**What to work on:** Give again, exactly as written, each line of the material below starting at the line that contains "新潟デリヘル 奥様特急 新潟店(オクサマトッキュウニイガタテン)" and ending at the line that contains "Hendoz 羊皮mix皮革3件組後背包肩背包 蝦皮購物". Both ends count, and no other line does.

**Input:**
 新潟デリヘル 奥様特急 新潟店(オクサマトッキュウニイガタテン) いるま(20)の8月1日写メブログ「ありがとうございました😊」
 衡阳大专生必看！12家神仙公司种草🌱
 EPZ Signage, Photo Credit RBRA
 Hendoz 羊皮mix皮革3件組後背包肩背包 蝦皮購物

---

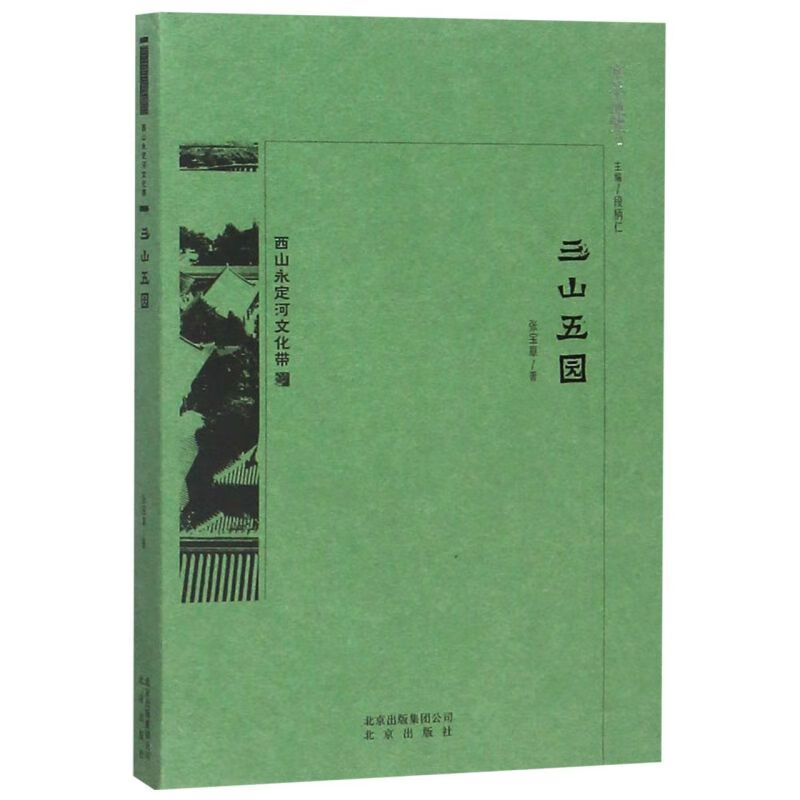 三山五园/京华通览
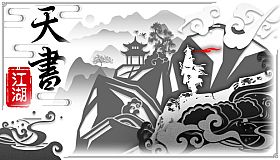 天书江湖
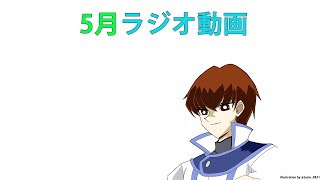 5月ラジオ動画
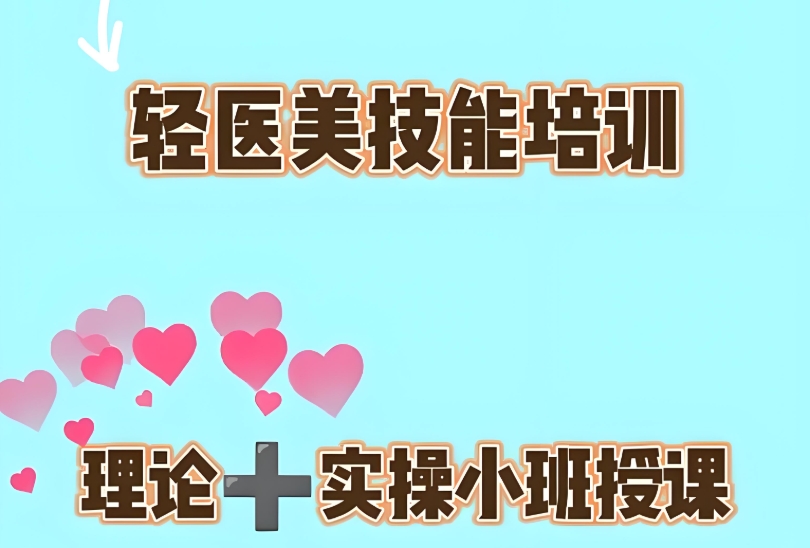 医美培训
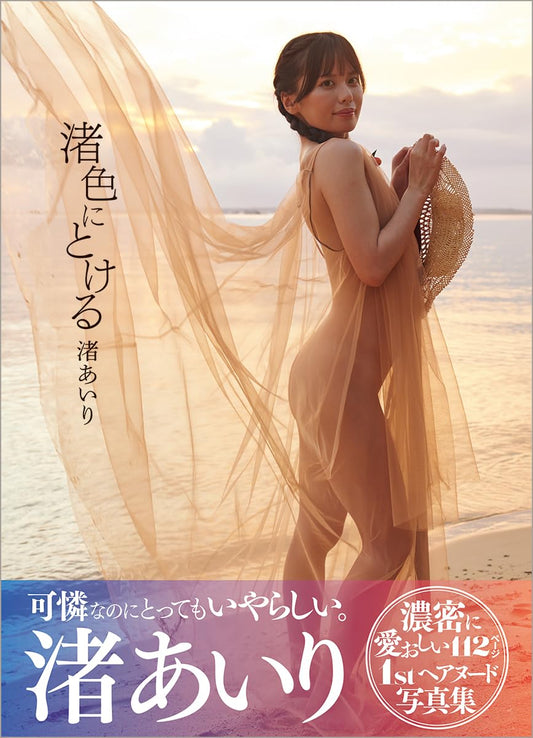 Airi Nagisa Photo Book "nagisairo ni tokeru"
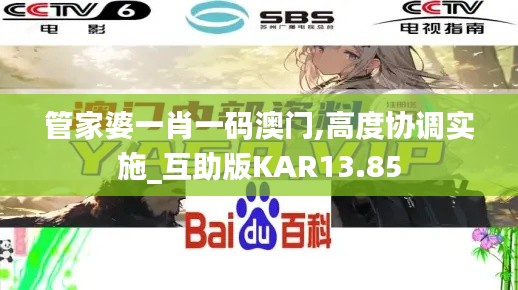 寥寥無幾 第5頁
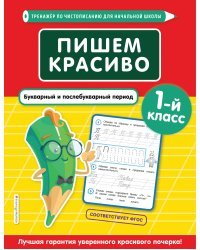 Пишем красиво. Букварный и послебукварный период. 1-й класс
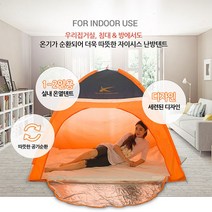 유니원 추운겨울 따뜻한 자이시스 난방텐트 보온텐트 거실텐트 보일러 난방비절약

==

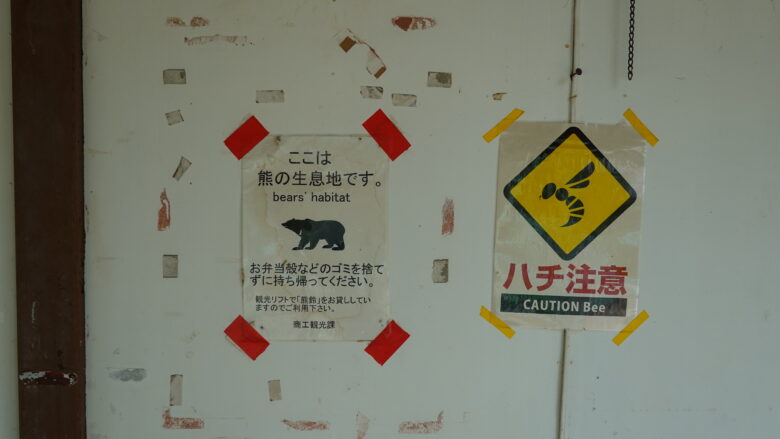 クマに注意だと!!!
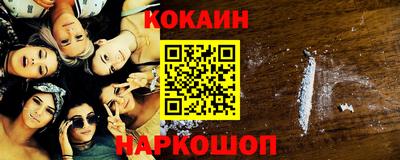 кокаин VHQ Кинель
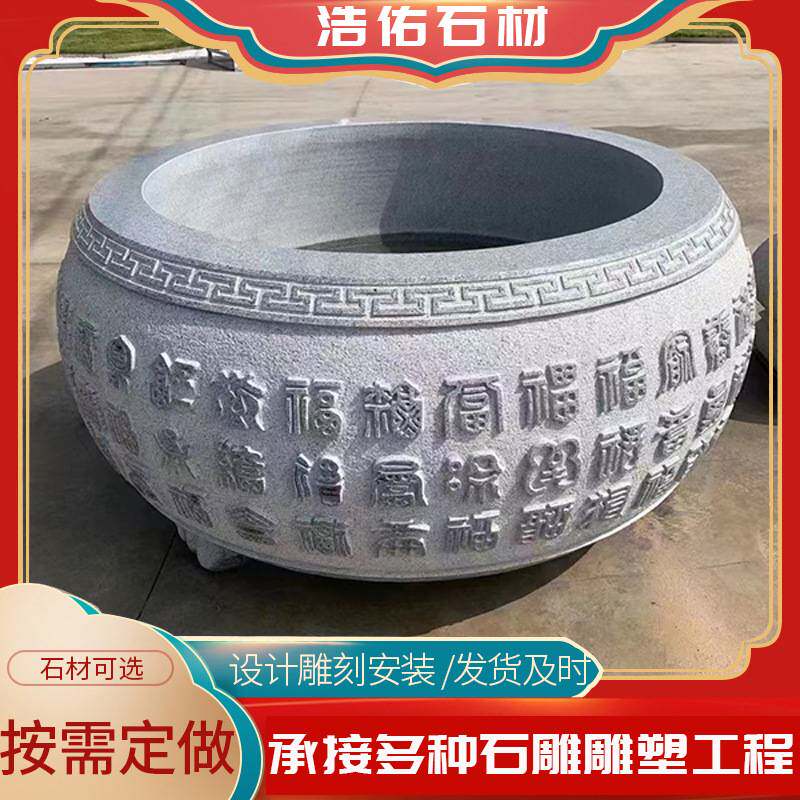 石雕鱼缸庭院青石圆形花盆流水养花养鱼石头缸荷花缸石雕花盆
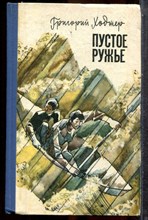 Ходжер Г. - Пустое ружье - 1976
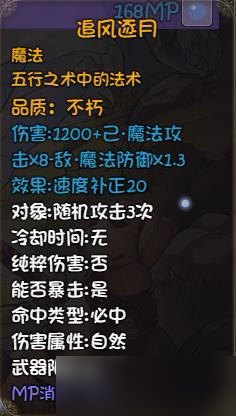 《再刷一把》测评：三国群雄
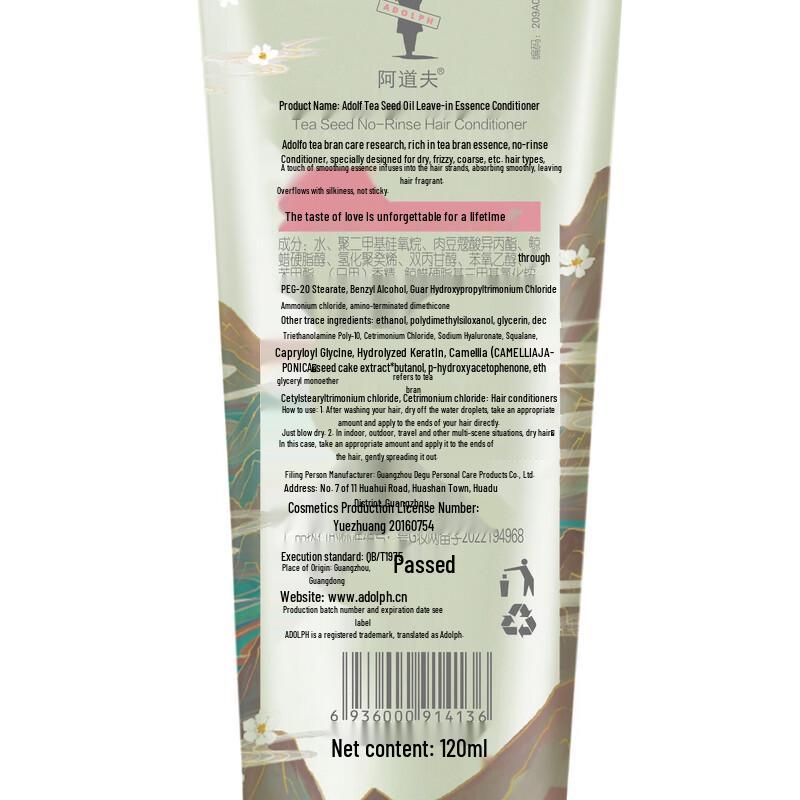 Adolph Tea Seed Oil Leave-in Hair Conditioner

**Result of this exercise:**
 新潟デリヘル 奥様特急 新潟店(オクサマトッキュウニイガタテン) いるま(20)の8月1日写メブログ「ありがとうございました😊」
 衡阳大专生必看！12家神仙公司种草🌱
 EPZ Signage, Photo Credit RBRA
 Hendoz 羊皮mix皮革3件組後背包肩背包 蝦皮購物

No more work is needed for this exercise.